Bringing a securities class action became less lucrative last year.
According to a new Cornerstone Research report, total settlements in such cases hit their lowest point in 16 years.
The aggregate amount of settlements dropped 78 percent to $1.07 billion in 2014 from $4.85 billion in 2013. Last year’s figure is 84 percent below the average for the prior nine years, primarily because of a dearth of large cases, the legal consulting firm found.
The largest settlement in 2014 was for $265 million, compared with $2.5 billion in the prior year.
Last year’s top settlement stemmed from the lawsuit against Massey Energy Co., which agreed to pay $265 million to resolve a case accusing the company of misleading investors about its safety record following a deadly mine blast in 2010.

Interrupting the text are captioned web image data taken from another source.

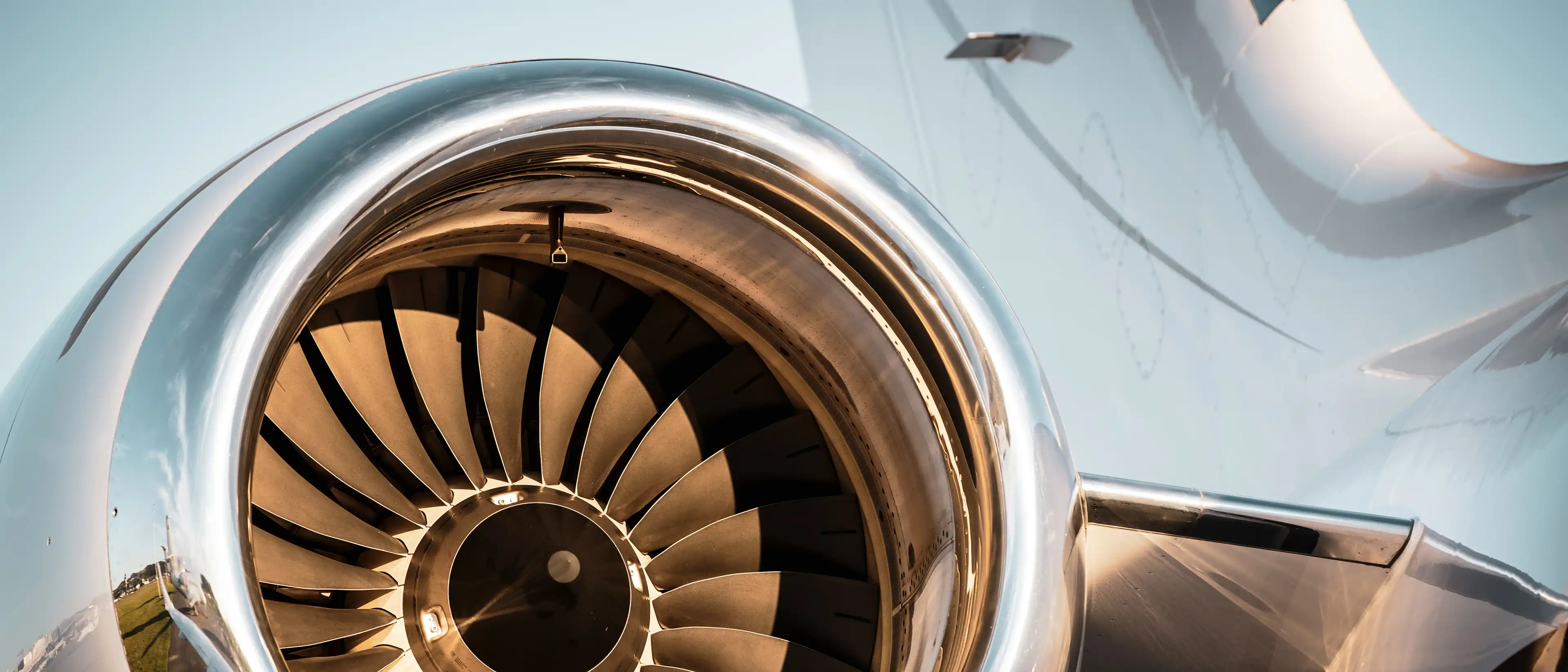 Aerospace & Defence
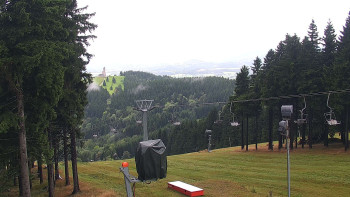 Snímek    16.9.2025 v 09:00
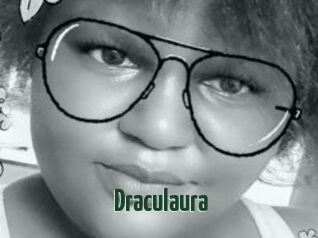 Draculaura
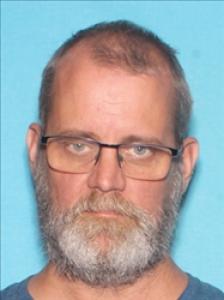 Eugene Andrew Elliott a registered Sex Offender of Mississippi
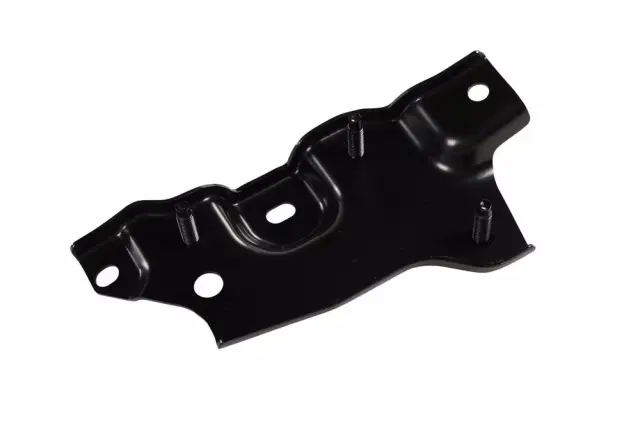 F Bracket - GM (97791615)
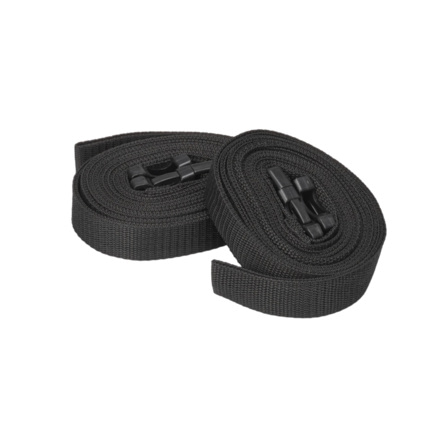 Avis Jeu de sangles Cliplock pour cododo Iora Maxi-Cosi 1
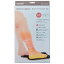 ߸ˤNEWۤƥեåEXMXES-FR610EXBK ֥åmaxell/ޥ ǮEMSưMOTECARE Foot 륷  ­΢ ҥå եåȥͥ  å   ȥ졼˥ ץ쥼 ⥷ɥ  ems ­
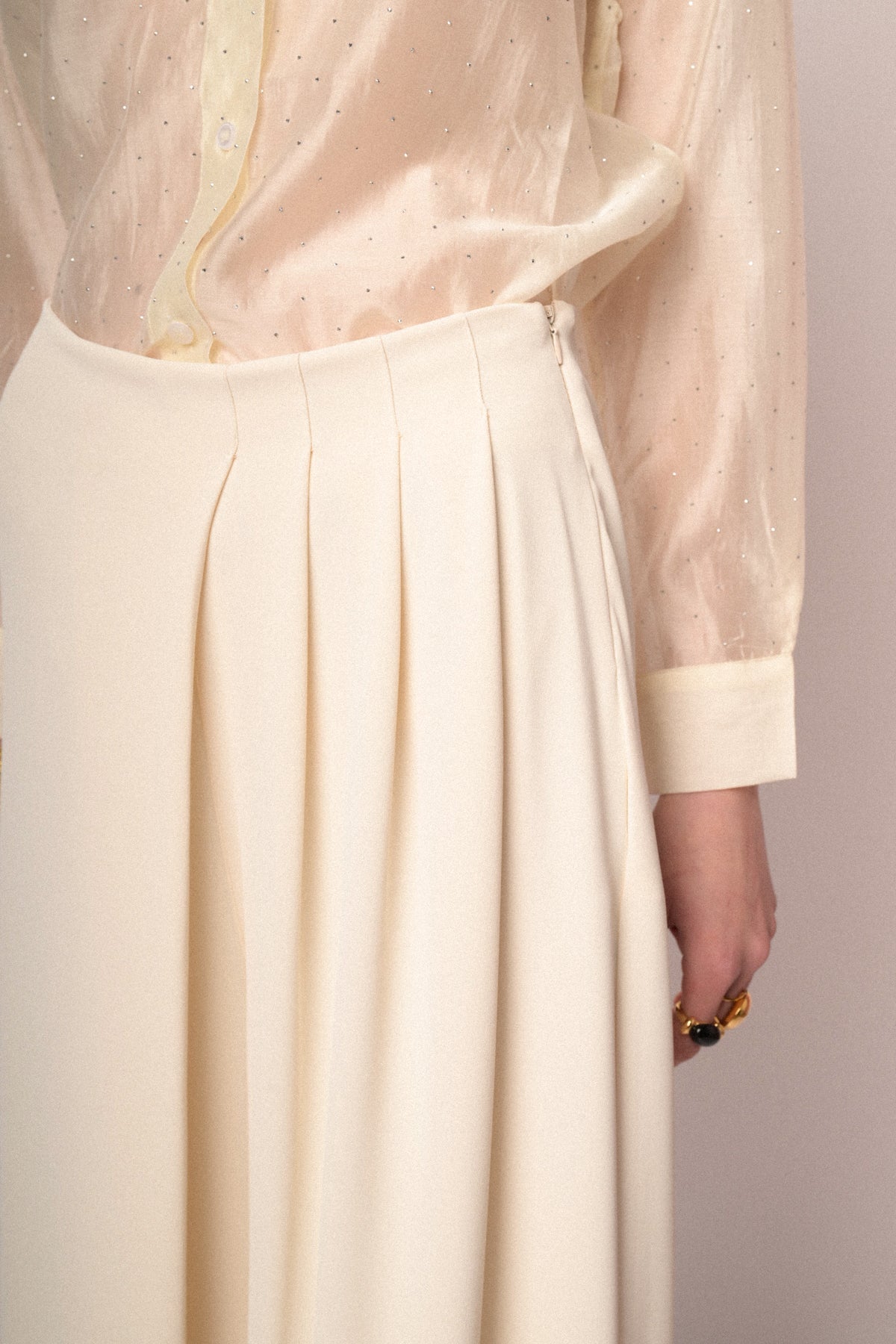 LI81635ST1312PA-26_5_5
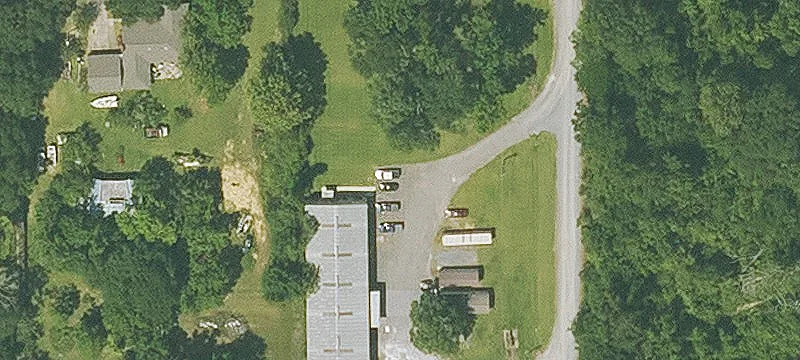 39421 Hwy 929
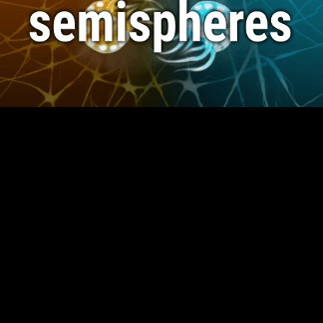 Semispheres Steam Key - RU/CIS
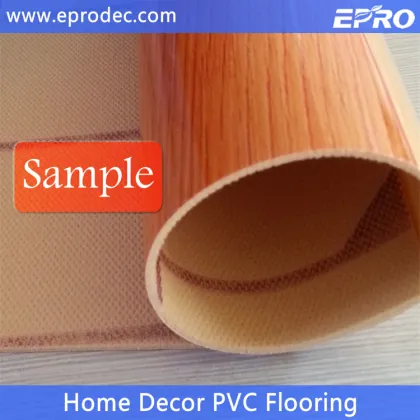 vinyl flooring bathroom b&q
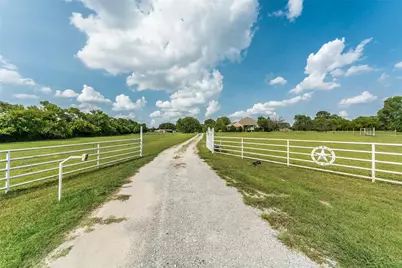 3929 E Prosper Trail, Prosper, TX 75078 - Photo 1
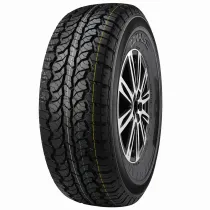 Compasal VERSANT A/T 265/70 R17 115 T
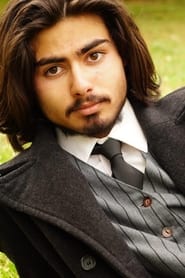 Alekseï Boyer 2000x3000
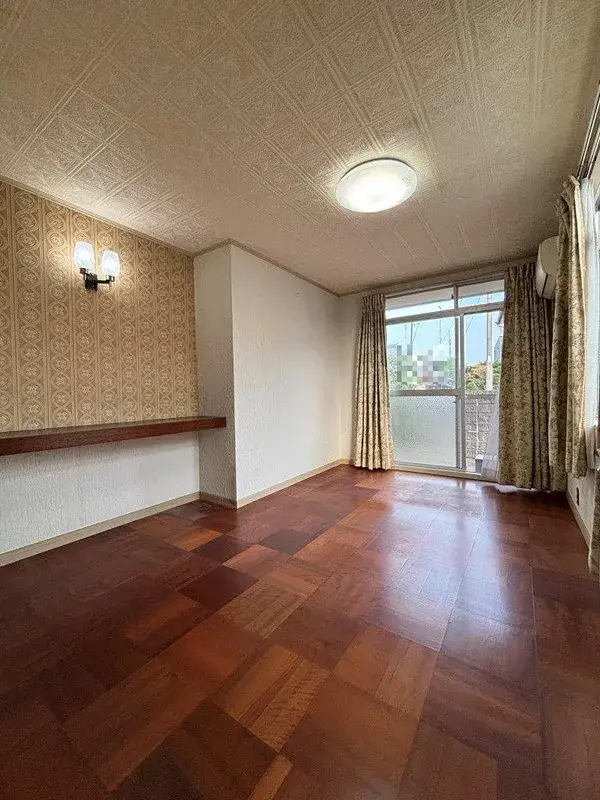 7K Property Matsusaka City Mie Prefecture (8)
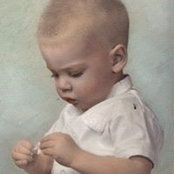 Jim Gill's photo
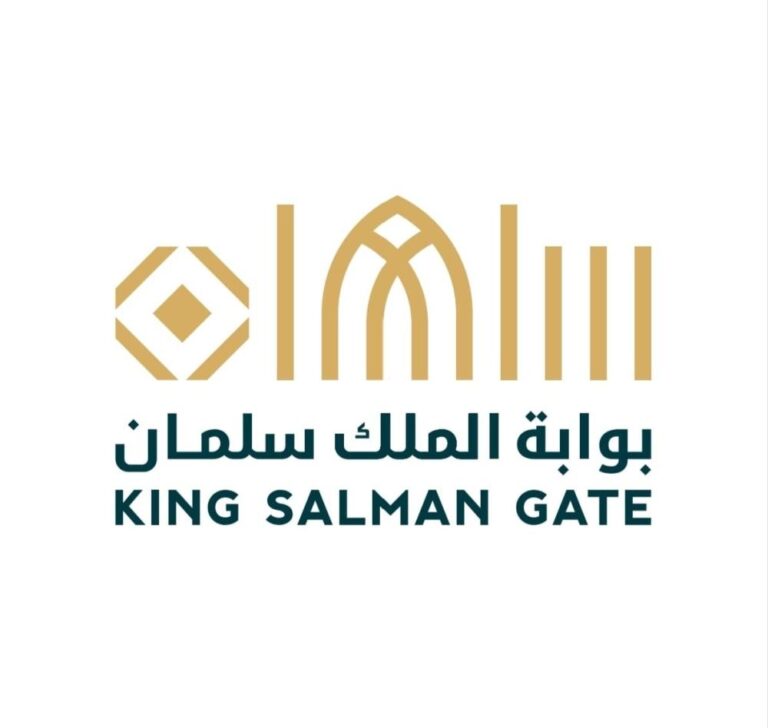 40f35777 e167 4da3 a085 b7187b435831 file.jpg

The average settlement amount, $17 million, was the lowest since 2000. In 2013, the average settlement size was $73.5 million.
The report also said that public pensions participated in fewer settlements in 2014. That drop could have resulted from one of two factors, Joseph Grundfest, a professor at Stanford Law School and the director of the school’s Securities Class Action Clearinghouse, said in a statement.
“The class action securities fraud market appears to be shrinking, whether measured in terms of the size of settlements or in the severity of new actions filed,” Grundfest said. “It may also mean that public pensions could have fewer large cases to draw them into the lead plaintiff role.”
Cornerstone reported a drop in settlements involving financial firms in 2014, as a majority of credit crisis–related cases have been resolved.
According to the report, new securities class actions involving the anti-fraud provisions of Rule 10b-5, as well as the disclosure provisions in sections 11 and 12(a)of the Securities Act of 1933, increased for the second consecutive year.
As a result, the settlement numbers could be on the upswing in two to four years, according to the report.